La Tête de Saint Jean-Baptiste de Peter Paul RUBENS
Portrait of Doña María Vicenta Barruso… de GOYA Y LUCIENTES (16,4m$)
Les oeuvres anciennes majeures étant très recherchées, plusieurs artistes majeurs ont rafraîchi leur record personnel aux enchères dont Goya, avec deux portraits de femmes – Doña María Vicenta Barruso Valdés et celui de sa mère – prisés à 16,4m$ le 25 janvier chez Christie’s. Goya n’a réalisé qu’une poignée de paires de portraits et il s’agit de la seule paire connue représentant deux femmes. Cette occasion très rare d’acquisition permet à Goya de doubler le prix de son record, son dernier sommet ayant été établi il y a 30 ans un peu au-dessus des 7 millions de dollars pour une scène de tauromachie. L’artiste remporte aussi la deuxième meilleure adjudication des sessions dédiées aux Maîtres anciens à New York, après la vente du sublime Rubens.
Portrait of a young man de BRONZINO (10,6m$)
Il se passe parfois plusieurs années avant qu’une œuvre d’Agnolo di Cosimo, dit Bronzino, l’un des principaux artistes italiens de la Renaissance tardive soit proposée aux enchères. Celle proposée par Sotheby’s à la fin du mois de janvier cumulait les atouts : ce portrait d’homme qui pourrait être un autoportrait réalisé autour de 1527 affichait notamment une provenance certifiée et un superbe état de conservation. Le chef-d’œuvre a doublé allègrement son estimation haute, pour porter le nouveau record personnel de Bronzino jusqu’à 10,6m$, contre un précédent sommet établi à 9 millions en 2015.
LE PODIUM FRANÇAIS
Près de 23 000 œuvres d’art ont changé de propriétaires en France via les enchères sur le premier trimestre. Une quinzaine a dépassé le million de dollars, majoritairement pour les grands artistes surréalistes Ernst, Tanguy et bien sûr, René MAGRITTE, a qui le marché français doit deux de ses plus belles adjudications du trimestre, avec Les grains de beauté (3,7m$) et La leçon de musique (3,1m$).

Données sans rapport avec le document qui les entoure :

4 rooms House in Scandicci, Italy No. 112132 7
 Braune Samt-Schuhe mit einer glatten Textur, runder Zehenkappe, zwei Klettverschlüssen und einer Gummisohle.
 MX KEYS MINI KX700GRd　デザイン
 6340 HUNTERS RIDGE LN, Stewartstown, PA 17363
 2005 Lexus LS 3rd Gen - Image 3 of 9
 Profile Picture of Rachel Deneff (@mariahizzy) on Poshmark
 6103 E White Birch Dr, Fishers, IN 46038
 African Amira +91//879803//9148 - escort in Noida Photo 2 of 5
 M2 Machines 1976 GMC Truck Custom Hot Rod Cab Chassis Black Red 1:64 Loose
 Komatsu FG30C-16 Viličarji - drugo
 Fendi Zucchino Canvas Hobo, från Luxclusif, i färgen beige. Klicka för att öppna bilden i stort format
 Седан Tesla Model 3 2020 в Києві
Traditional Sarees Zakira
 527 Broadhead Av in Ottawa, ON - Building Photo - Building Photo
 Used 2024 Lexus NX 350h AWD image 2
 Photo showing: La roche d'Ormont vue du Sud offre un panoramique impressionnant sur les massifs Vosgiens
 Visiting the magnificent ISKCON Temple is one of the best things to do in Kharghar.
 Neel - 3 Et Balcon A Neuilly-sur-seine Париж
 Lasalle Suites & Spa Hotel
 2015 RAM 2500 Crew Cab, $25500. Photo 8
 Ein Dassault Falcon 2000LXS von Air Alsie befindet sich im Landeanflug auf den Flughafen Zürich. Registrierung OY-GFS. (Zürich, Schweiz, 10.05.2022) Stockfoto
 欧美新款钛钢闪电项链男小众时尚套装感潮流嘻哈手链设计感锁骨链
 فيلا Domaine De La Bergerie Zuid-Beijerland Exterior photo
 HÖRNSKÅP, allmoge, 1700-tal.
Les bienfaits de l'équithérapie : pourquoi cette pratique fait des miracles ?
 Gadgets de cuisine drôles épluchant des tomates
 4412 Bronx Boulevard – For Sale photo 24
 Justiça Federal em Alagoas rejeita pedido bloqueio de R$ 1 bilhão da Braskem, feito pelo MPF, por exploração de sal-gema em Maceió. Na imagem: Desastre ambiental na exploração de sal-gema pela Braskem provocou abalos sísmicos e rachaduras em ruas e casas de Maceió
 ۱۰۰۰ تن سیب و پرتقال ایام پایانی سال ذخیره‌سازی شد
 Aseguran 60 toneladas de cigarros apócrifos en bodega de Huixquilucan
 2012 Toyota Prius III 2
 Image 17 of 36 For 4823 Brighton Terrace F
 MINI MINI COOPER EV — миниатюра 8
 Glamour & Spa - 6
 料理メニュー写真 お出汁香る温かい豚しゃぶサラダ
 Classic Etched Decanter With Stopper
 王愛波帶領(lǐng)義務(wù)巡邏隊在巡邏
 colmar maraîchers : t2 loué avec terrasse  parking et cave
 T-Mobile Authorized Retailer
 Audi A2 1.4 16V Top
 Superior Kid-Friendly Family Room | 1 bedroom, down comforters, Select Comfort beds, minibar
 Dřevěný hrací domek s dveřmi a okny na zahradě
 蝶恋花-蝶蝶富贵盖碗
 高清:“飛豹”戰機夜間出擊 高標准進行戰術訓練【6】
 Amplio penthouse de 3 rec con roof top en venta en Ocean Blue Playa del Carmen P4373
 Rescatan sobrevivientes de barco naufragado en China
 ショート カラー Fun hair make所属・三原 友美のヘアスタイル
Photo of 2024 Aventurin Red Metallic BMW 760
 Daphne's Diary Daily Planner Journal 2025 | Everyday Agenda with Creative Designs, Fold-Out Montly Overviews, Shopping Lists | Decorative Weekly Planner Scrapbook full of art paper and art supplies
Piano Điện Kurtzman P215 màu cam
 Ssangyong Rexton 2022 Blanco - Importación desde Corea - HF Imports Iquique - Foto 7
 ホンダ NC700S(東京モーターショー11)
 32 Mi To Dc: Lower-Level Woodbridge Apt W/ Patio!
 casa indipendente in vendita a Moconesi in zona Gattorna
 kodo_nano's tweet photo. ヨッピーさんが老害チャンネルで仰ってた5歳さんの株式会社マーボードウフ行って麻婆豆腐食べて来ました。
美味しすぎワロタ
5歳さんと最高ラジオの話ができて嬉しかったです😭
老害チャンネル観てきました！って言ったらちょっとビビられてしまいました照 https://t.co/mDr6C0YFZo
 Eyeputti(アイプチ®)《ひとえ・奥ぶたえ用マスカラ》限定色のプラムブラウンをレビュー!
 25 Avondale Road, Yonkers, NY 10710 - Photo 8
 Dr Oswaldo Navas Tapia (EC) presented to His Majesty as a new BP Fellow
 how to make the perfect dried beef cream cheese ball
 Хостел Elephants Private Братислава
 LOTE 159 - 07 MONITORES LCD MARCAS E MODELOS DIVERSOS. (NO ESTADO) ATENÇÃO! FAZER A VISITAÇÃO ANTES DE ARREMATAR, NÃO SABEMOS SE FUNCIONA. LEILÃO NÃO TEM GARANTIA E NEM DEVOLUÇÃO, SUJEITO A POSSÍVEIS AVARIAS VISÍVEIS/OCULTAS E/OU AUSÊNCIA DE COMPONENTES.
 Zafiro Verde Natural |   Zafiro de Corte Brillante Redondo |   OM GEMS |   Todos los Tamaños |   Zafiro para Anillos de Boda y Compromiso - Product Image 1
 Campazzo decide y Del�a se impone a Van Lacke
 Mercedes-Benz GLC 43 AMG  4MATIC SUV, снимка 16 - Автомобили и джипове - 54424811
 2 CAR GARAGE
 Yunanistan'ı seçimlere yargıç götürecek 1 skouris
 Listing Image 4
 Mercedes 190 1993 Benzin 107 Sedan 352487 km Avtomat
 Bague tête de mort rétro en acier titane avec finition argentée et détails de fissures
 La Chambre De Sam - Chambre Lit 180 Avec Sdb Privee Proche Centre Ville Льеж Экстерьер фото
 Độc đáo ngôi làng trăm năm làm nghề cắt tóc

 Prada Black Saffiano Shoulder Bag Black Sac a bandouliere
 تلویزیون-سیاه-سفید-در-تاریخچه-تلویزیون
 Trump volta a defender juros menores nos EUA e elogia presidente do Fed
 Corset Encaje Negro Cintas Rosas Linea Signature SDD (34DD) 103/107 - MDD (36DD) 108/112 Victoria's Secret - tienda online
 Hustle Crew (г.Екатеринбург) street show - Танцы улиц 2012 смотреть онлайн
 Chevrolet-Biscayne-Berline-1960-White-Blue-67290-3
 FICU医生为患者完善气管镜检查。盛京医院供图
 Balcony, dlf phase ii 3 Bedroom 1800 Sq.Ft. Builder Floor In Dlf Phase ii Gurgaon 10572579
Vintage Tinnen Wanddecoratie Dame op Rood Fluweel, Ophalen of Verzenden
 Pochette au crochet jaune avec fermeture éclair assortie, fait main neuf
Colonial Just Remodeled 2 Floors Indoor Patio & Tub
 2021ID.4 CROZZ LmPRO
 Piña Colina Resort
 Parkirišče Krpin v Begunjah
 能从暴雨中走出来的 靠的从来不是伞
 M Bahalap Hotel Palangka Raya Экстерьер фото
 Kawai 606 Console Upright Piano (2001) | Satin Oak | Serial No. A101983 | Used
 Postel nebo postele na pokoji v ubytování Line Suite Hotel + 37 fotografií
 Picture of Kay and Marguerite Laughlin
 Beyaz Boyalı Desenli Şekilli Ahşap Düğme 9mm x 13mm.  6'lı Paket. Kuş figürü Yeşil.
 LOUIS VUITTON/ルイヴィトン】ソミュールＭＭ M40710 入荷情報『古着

La plus belle adjudication en France de ce début d’année revient néanmoins à Matisse, avec Nu couché II, une sculpture en bronze d’une trentaine de centimètres vendue au seuil des 5 millions.
Ces adjudications millionnaires sont le fait de Christie’s et Sotheby’s qui parviennent à vendre 77% de leurs lots offerts en France sur le trimestre, contre 68% pour Artcurial et 56% seulement pour Millon & Associés, les deux sociétés françaises les plus performantes du moment.